Problem description:
Within the entries below, please retype exactly the lines starting with the line that has "Used Dranetz TM-102700" and going on through the line that has "Dining-High Fashion Home", but not the pictures.

┄┄┄┄┄┄┄┄┄┄

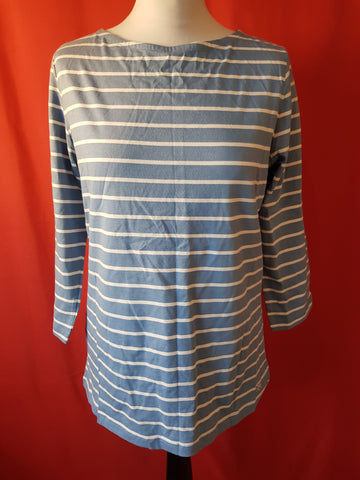 Crew Clothing Women's Blue White Stripe 100% Cotton Top Size 14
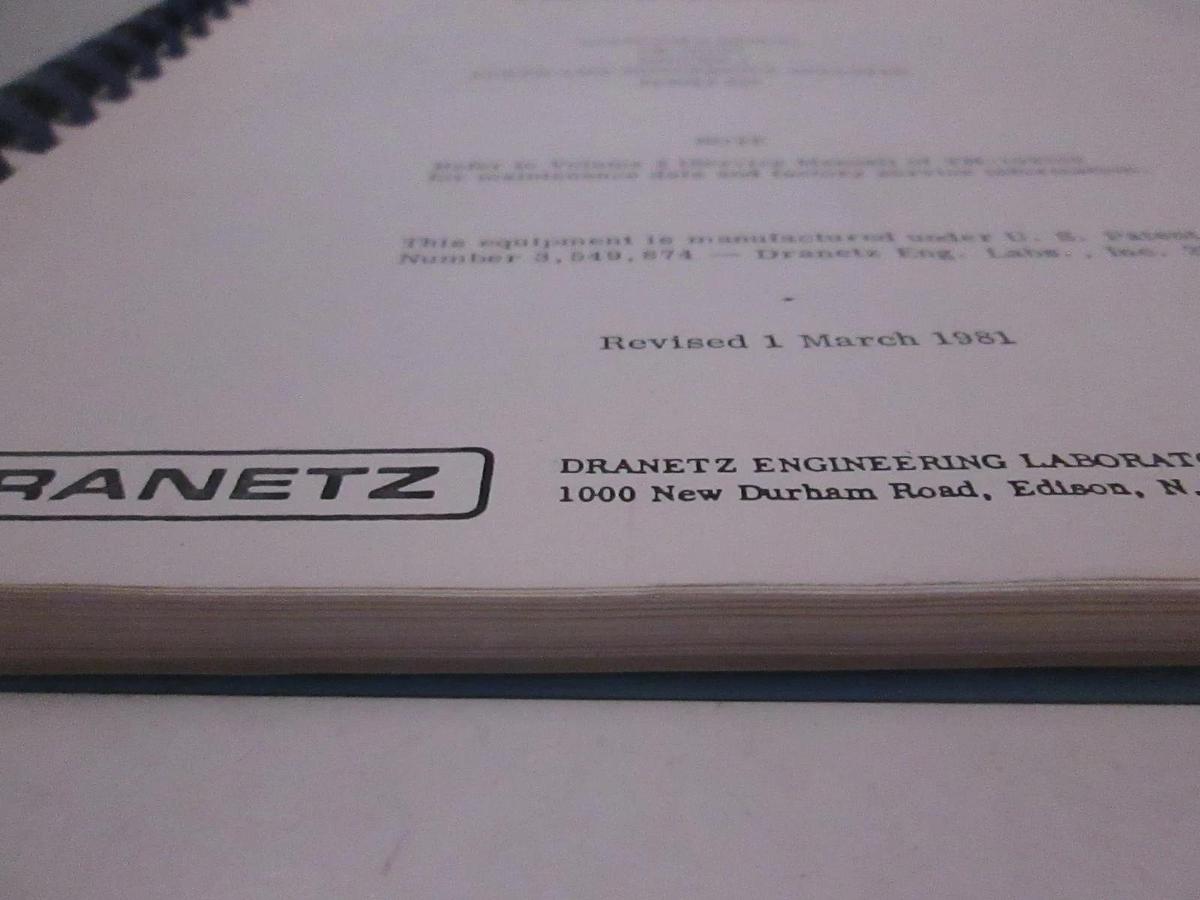 Used Dranetz TM-102700 Volume 1 Series 606 Operator Manual, Used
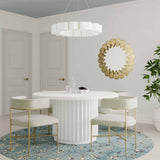 Kali 55" Round Dining Table, White-Furniture - Dining-High Fashion Home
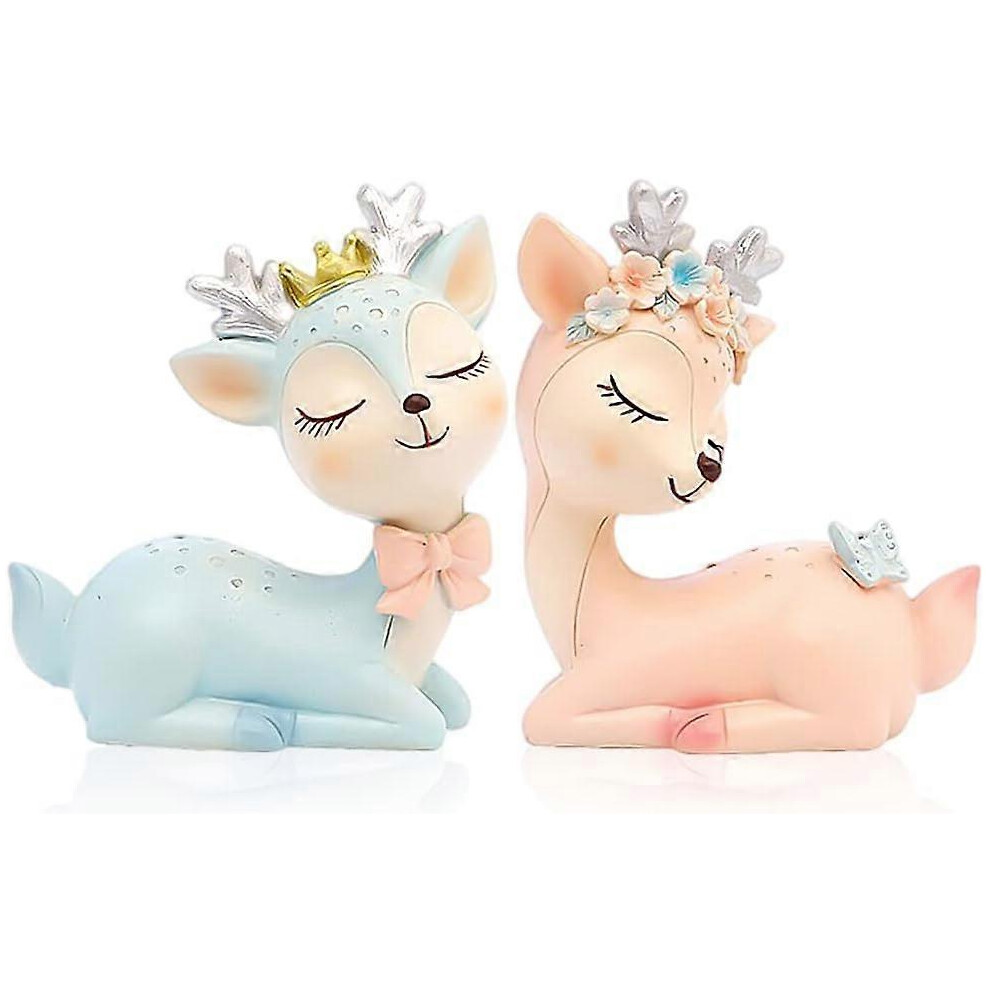 (As Show, One Size) 2 Pieces Cute Fawn Miniatures,Mini Fawn Figurine Topper Deco Cake Toy,Animal Birthday Decoration Cupcake Toppers,Figurines Cake De 4704245278168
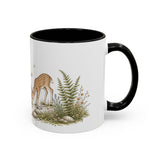White-Tailed Fawn Accent Mug | Watercolor Nature Coffee Cup | 11oz 15oz Woodland Animal Gift — 11oz / Black — right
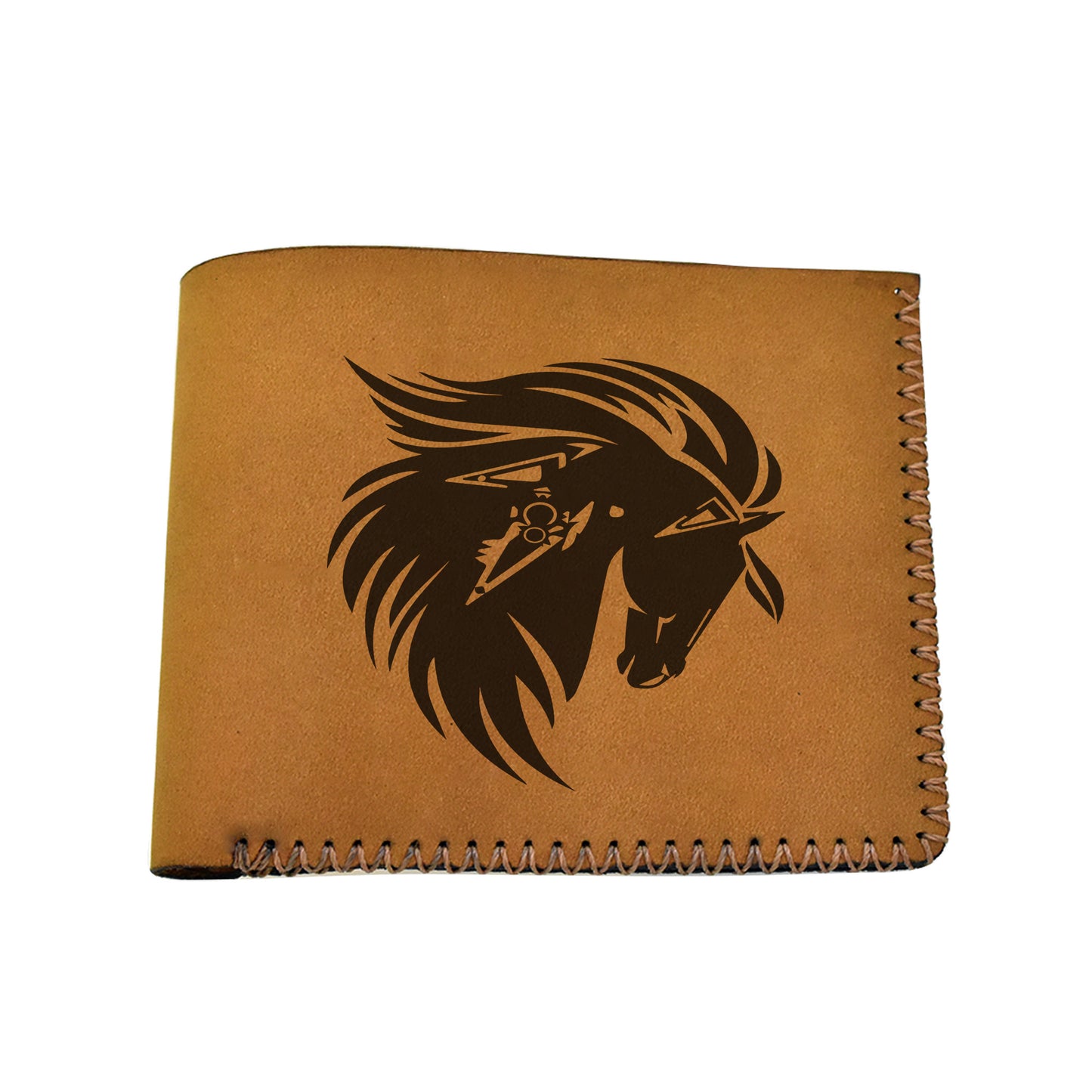 Men's Tribal Horse 2 Handmade Genuine Leather Blocking Bifold Wallet MHLT_02_BRN
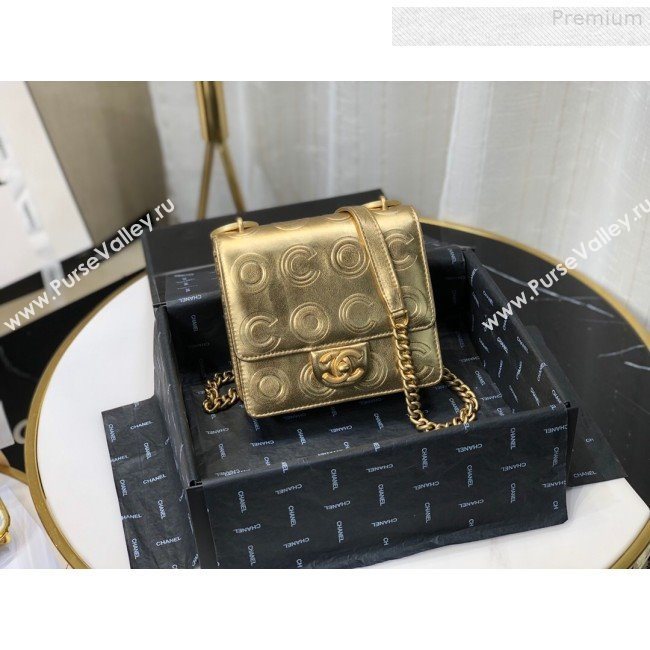 Chanel Metallic Calfskin Embossed Coco Small Flap Bag AS0931 Gold 2019 (FM-9081336)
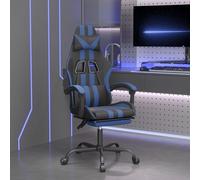 vidaXL Sedia da Gaming Girevole con Poggiapiedi Nero e Blu Similpelle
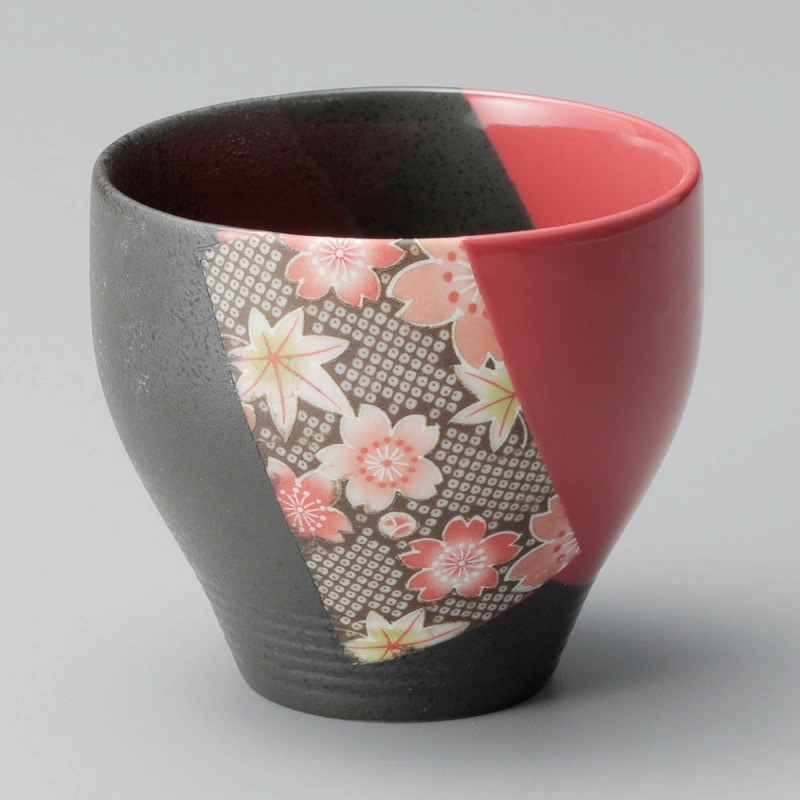 金正陶器 赤黒ヌリ分カフェカップ 1個(ご注文単位1個)【直送品】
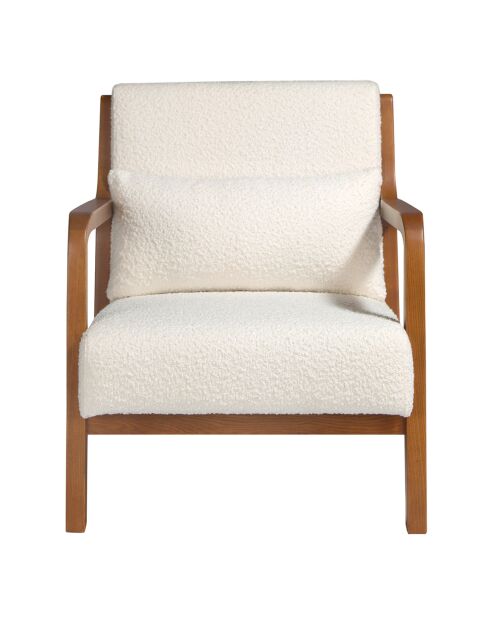 Fauteuil tapissé en tissu avec coussin blanc - 68x86x74 cm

┄┄┄┄┄┄┄┄┄┄

Solution:
 Used Dranetz TM-102700 Volume 1 Series 606 Operator Manual, Used
 Kali 55" Round Dining Table, White-Furniture - Dining-High Fashion Home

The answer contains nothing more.